Stored dataset items:
▼
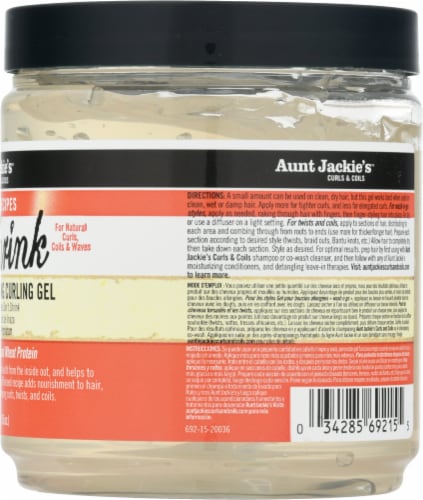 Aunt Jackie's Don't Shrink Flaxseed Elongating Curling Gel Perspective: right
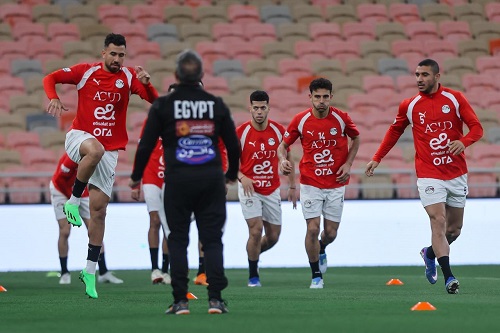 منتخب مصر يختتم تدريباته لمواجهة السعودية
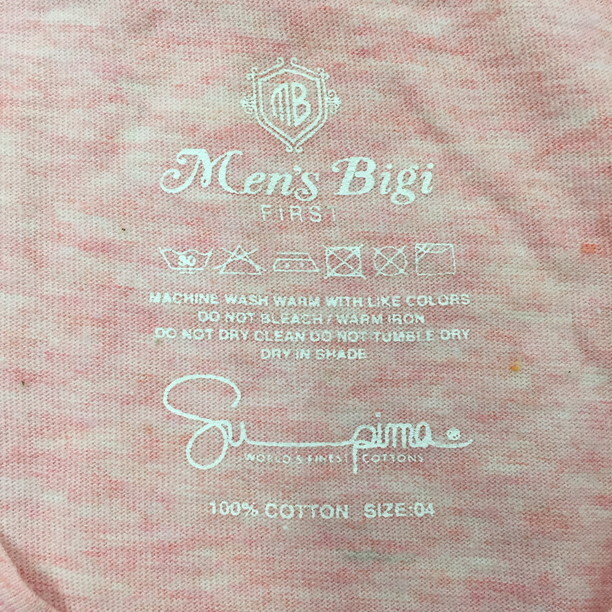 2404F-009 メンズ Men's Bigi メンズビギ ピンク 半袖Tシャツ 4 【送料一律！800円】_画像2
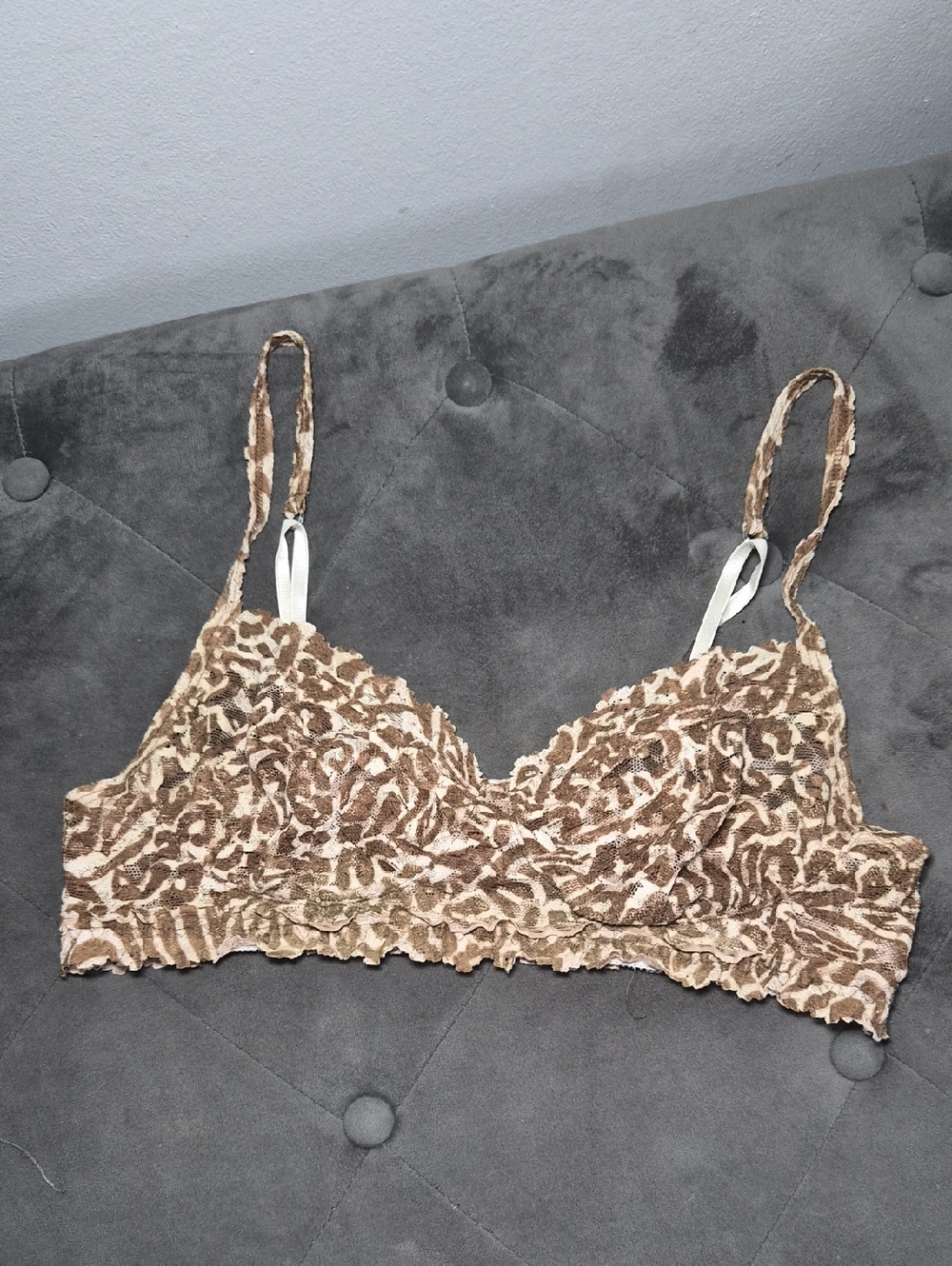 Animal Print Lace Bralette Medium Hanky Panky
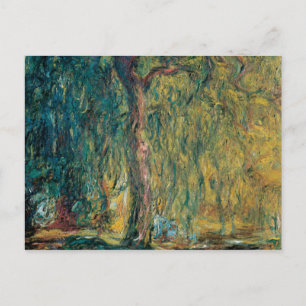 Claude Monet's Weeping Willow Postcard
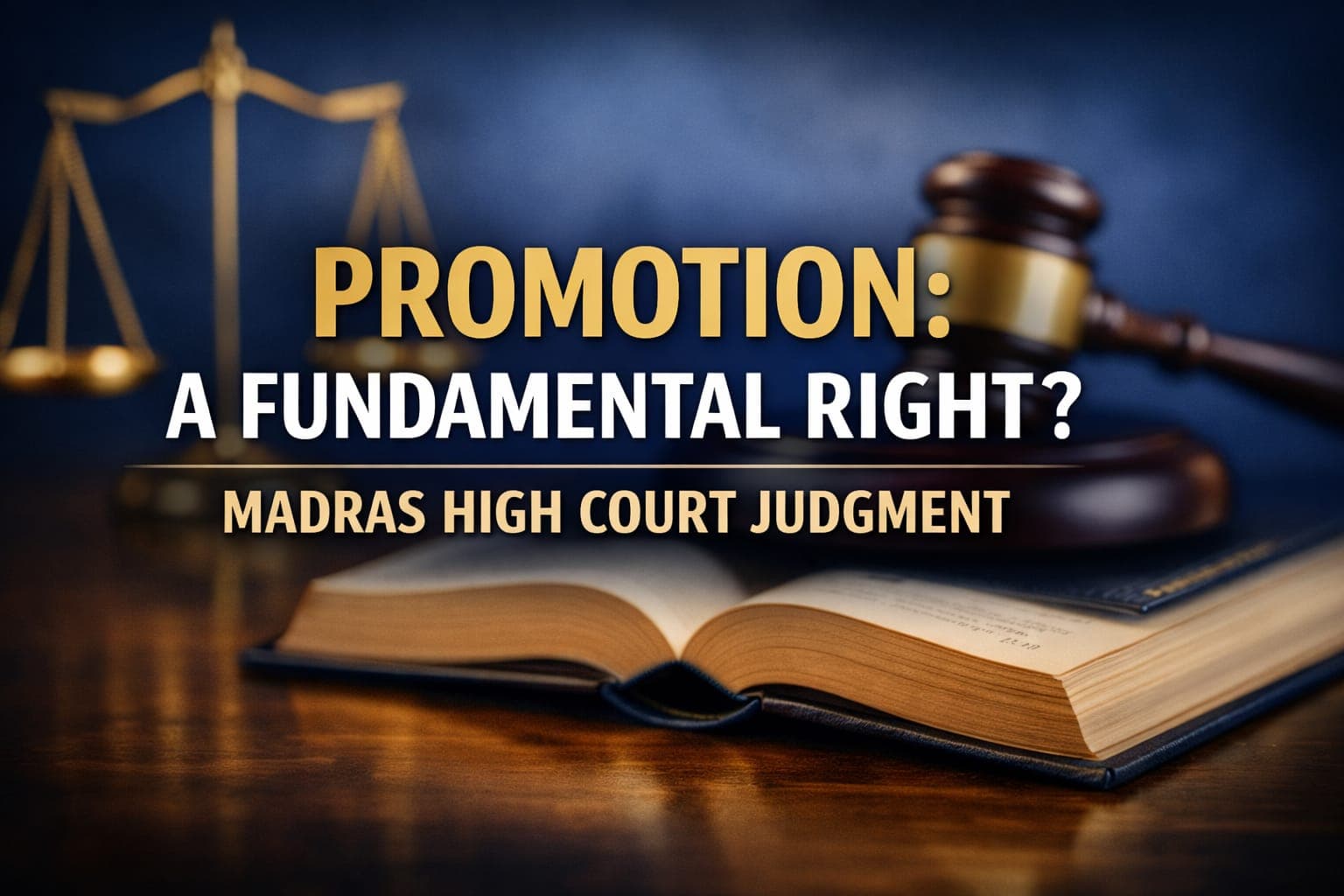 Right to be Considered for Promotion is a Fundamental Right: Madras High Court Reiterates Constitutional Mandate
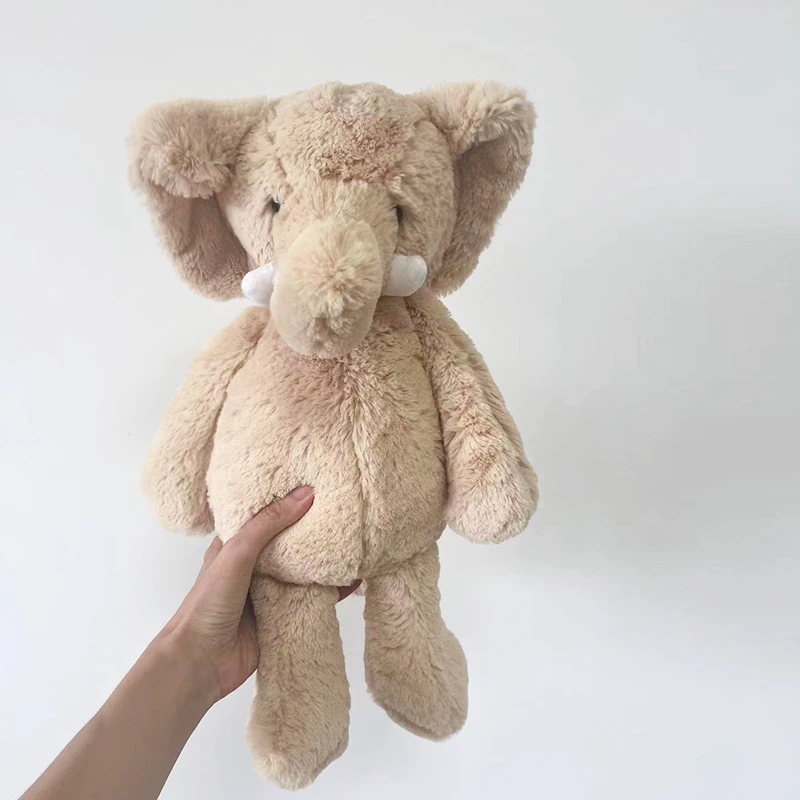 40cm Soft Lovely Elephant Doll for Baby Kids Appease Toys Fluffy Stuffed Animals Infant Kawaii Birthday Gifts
▲
■ **What you have to do**:
Give back every entry word for word, and drop the pictures as you go.

■ **Response to the exercise**:
 Aunt Jackie's Don't Shrink Flaxseed Elongating Curling Gel Perspective: right
 منتخب مصر يختتم تدريباته لمواجهة السعودية
 2404F-009 メンズ Men's Bigi メンズビギ ピンク 半袖Tシャツ 4 【送料一律！800円】_画像2
 Animal Print Lace Bralette Medium Hanky Panky
 Claude Monet's Weeping Willow Postcard
 Right to be Considered for Promotion is a Fundamental Right: Madras High Court Reiterates Constitutional Mandate
 40cm Soft Lovely Elephant Doll for Baby Kids Appease Toys Fluffy Stuffed Animals Infant Kawaii Birthday Gifts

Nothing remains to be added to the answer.